マウス株は、デキストラン硫酸ナトリウム誘発性大腸炎に対する血管新生反応に影響します

背景：血管新生は、慢性炎症性疾患の既知の病理学的因子です。マウスデキストラン硫酸ナトリウム（DSS）大腸炎モデルに関して、異なるマウス株は、さまざまな臨床的および炎症反応を生成します。多様なマウス株に適用されるDSS大腸炎は、同様に炎症と並行して結腸微小血管密度を上昇させるが、異なる血管新生プロファイルでそれを行うと仮定します。 材料と方法：129S2/SVPA、BALB/C、およびC57BL/6マウスでDSS大腸炎を誘導し、7日目に組織学的および分子分析を行い、結腸炎症と血管新生を評価しました。 結果：DSSグループでは、炎症と微小血管密度も同様に増加しました。C57BL/6コホートは、25％の体重減少と結腸潰瘍が大きい、より重度の大腸炎をマウントしました。ベースラインおよび大腸炎群での血管新生因子の遺伝子発現は、株の間で大きく変動しました。BALB/Cマウスは、他の株、特に血小板由来成長因子、アンジオポエチン-1、アンジオポエチン-1（Ang-2）、血管内皮成長因子受容体、およびPDGF受容体と比較して、対照およびDSS群でより高い血管新生遺伝子発現を示しました。コントロールに対するDSSの効果を評価する場合、BALB/Cマウスは有意な影響を受けませんでした。129S2/SVPASマウスは、成長因子の広範な抑制、有意に血小板由来成長因子、Ang-2、およびPDGF受容体を示しました。対照的に、C57BL/6マウスは、特にアンジオポエチン-1およびAng-2について、遺伝子発現の増加を示しました。 結論：遺伝的不均一性は、DSS大腸炎によって誘発される血管新生プロファイルに影響を与えます。マウス大腸炎のモデル内では、マウス株が炎症関連の血管新生に大きく影響することを実証します。これらの結果は、炎症と血管新生に焦点を当てた大腸炎モデルを使用する場合、ひずみの選択に影響を与える可能性があります。血管新生経路をさらに定義し、標的化された抗血管新生を伴う潜在的に疾患コースを変化させる将来の研究が保証されます。

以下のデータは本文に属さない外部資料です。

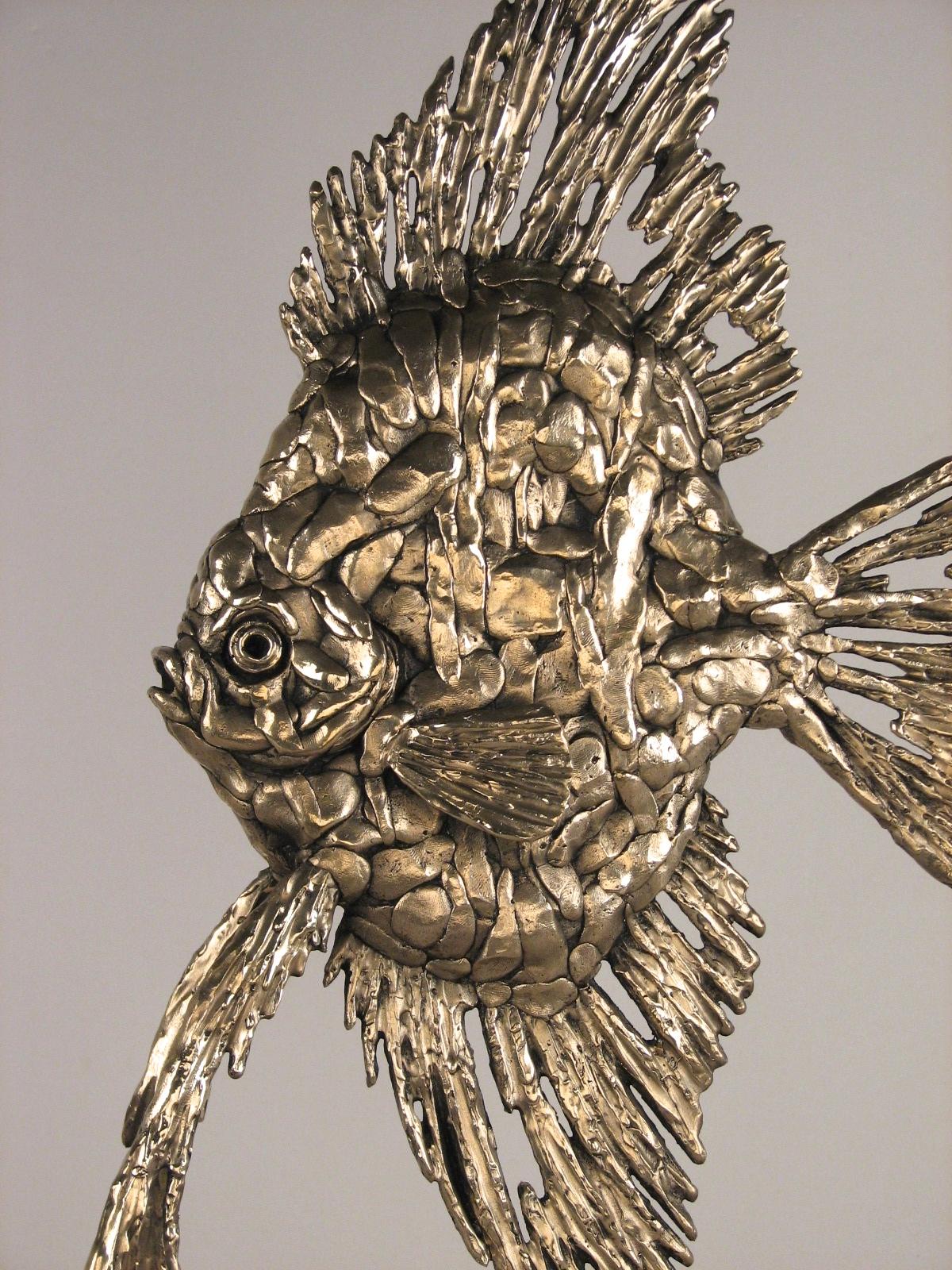 Pez Ángel-escultura abstracta original en bronce de fauna salvaje en venta-Arte contemporáneo - Sculpture Impresionista abstracto de Andrzej Szymczyk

BACKGROUND: Angiogenesis is a known pathologic factor in chronic inflammatory diseases. Regarding the murine dextran sodium sulfate (DSS) colitis model, different mouse strains produce variable clinical and inflammatory responses. We hypothesize that DSS colitis applied to diverse mouse strains will similarly elevate colonic microvessel density in parallel with inflammation, but will do so with different angiogenic profiles. MATERIALS AND METHODS: We induced DSS colitis in 129S2/SvPas, BALB/c, and C57BL/6 mice, then performed histologic and molecular analysis at day 7 to evaluate colonic inflammation and angiogenesis. RESULTS: Inflammation and microvessel density were similarly increased in DSS groups. The C57BL/6 cohort mounted a more severe colitis with 25% weight loss and greater colonic ulceration. Gene expression of angiogenic factors at baseline and in colitis groups were widely variable among strains. BALB/c mice exhibited higher angiogenic gene expression in control and DSS groups compared with other strains, specifically platelet-derived growth factor, angiopoietin-1, angiopoietin-1 (Ang-2), vascular endothelial growth factor receptor, and PDGF receptor. When evaluating the effect of DSS relative to controls, BALB/c mice were not significantly affected. 129S2/SvPas mice exhibited broad suppression of growth factors, significantly platelet-derived growth factor, Ang-2, and PDGF receptor. In contrast, C57BL/6 mice displayed increased gene expression, especially for angiopoietin-1 and Ang-2. CONCLUSIONS: Genetic heterogeneity influences the angiogenic profile elicited by DSS colitis. We demonstrate that within a model of murine colitis, mouse strain significantly affects inflammation-associated angiogenesis. These results may impact strain selection when using a colitis model focusing on inflammation and angiogenesis. Future studies to further define the angiogenesis pathway and potentially alter the disease course with targeted antiangiogenics are warranted.